The head of the enforcement division of the U.S. Securities and Exchange Commission says the division is adopting a new specialization strategy as a way to improve its ability to fight securities fraud.

Speaking to the Society of American Business Editors and Writers in Phoenix, Az., Robert Khuzami, said that, in response to widespread criticism of its enforcement performance in recent years, the SEC’s enforcement division is making a number of major changes, chief among them the creation of five specialist groups within the division, in an effort to improve its focus, and enable it to catch frauds earlier in the game.

Khuzami noted that the division’s staff has historically been generalists, often doing different types of cases over time.

“This means that the expertise is diffuse throughout the division and often allowed to dissipate as the staff member moves on to the next case. And this requires the next staff attorney working on an investigation of the same nature to ‘reinvent the wheel’”, he noted, adding that this represents “a failure of the organizational structure to capture and cultivate this expertise in a more meaningful way”.

It has now decided to establish five specialized units, where its staff can develop expertise, learn from each other, receive specialized training, and then build on that through repeated investigation into the same conduct.

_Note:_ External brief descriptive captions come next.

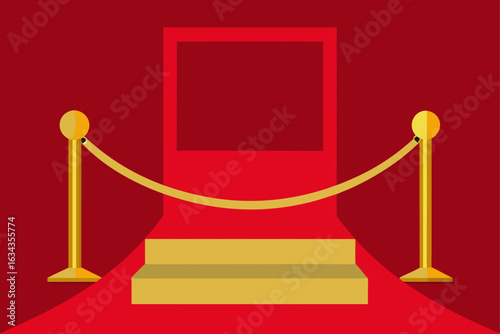 Red Velvet Podium with Golden Rope Barrier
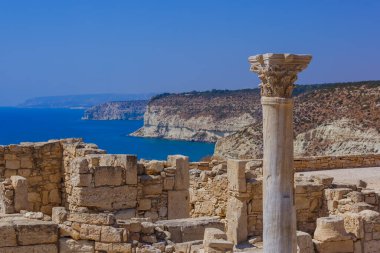 Limasol Kıbrıs 'taki antik Kourion arkeoloji sahası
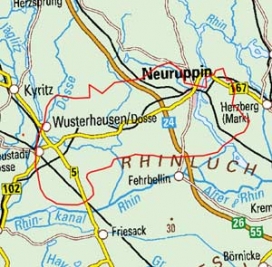 Abgrenzung der Landschaft "Land Ruppin" (77701) Abgrenzung der Landschaft "Land Ruppin" (77701)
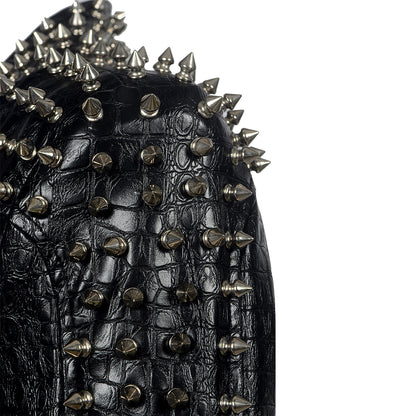 Heavy Metal Pain Armor Studded Leather Jacket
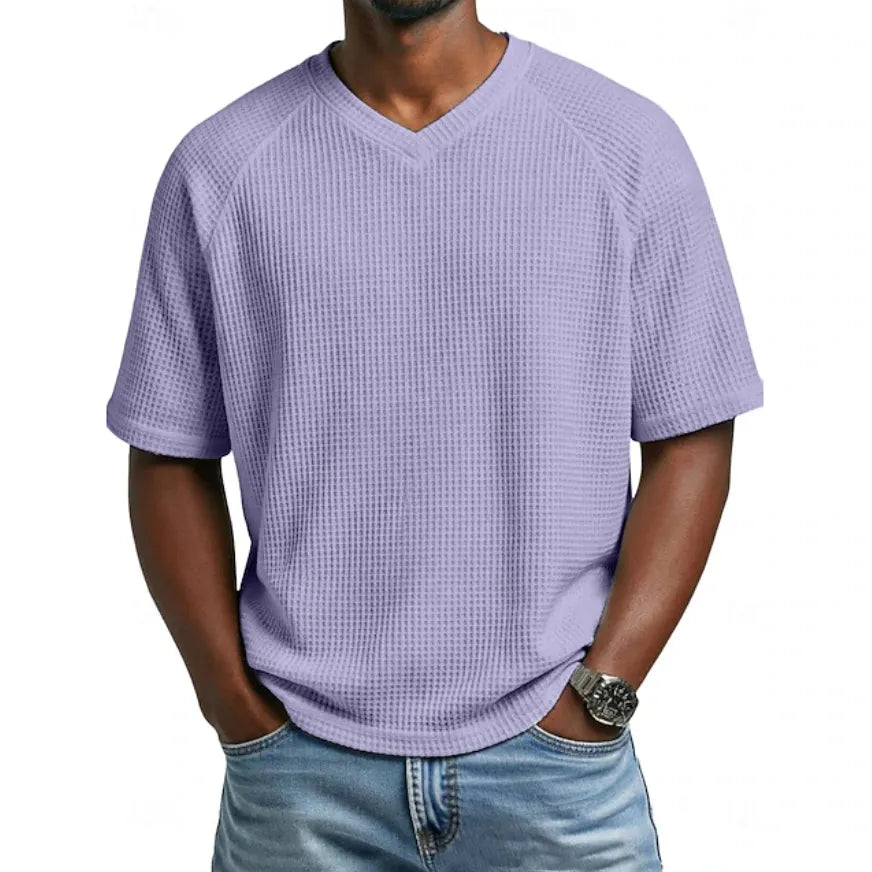 Men's Waffle T-shirt Tee Top Short Sleeve V Neck Summer Solid Color  Casual Raglan Sleeves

“What this does is bring us closer to the holy grail of law enforcement — stopping wrongdoing before it happens or shutting it down as early in the life-cycle as possible,” he said. It also helps it focus its’ efforts.

The five units are:

• the asset management unit, which will focus on investment advisors, investment companies, hedge funds, and private equity funds;

• the market abuse unit, which will target organized insider trading, large-cap market manipulations, and systems-based trading violations such as front-running, collusive trading, best-execution and abusive short-selling;

a structured and new products unit to focus on complex financial instruments;

• the foreign corrupt practices unit dealing with companies bribing foreign officials for government contracts and other business; and

• the municipal securities and public pensions unit.

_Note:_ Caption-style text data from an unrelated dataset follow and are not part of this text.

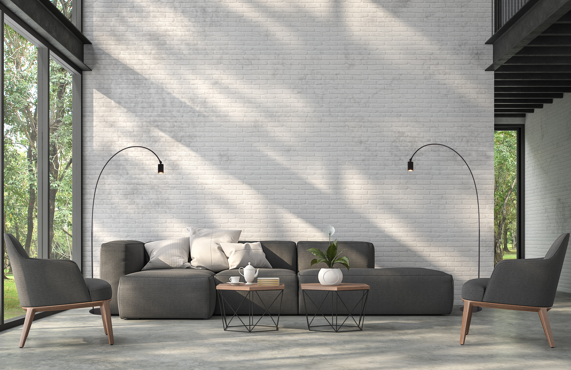 Moderne Wohnlandschaft zwei geschwungenen Lampen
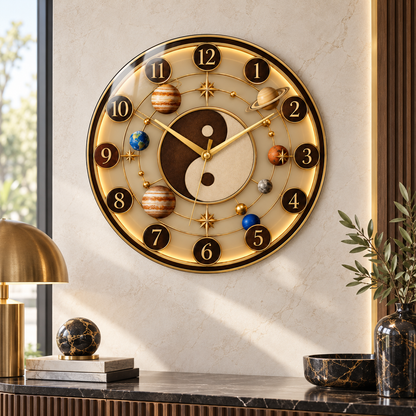 Yin Yang gezegen desenli cam duvar saatinin farklı premium mekân görünümü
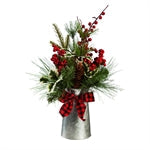 16'' High Pinecone and Holly Berries in Galvanized Watering Can Tabletop Décor
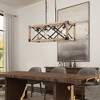 LNC Lucia 27.5-in  Rectangle Kitchen Island Pendant – 4-Light Black and Wood with Clear or Frosted Glass Shades, Modern Farmhouse - 4 of 4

These units are currently being set up, Khuzami said, management has been selected, and they are expected to be fully staffed by mid-April or so.

In addition, Khuzami said that it is aiming to improve enforcement by adopting various witness cooperation tools, as well as streamlining management and its internal processes (including delegating the authority to start formal investigations and issue subpoenas back to the senior officers in the division).

It has also established the Office of Market Intelligence to oversee the handling of the tips, complaints and referrals that the SEC receives each year. And, it is looking to adopt more qualitative metrics to measure the division’s performance, and help evaluate whether reforms now being implemented are achieving the desired results.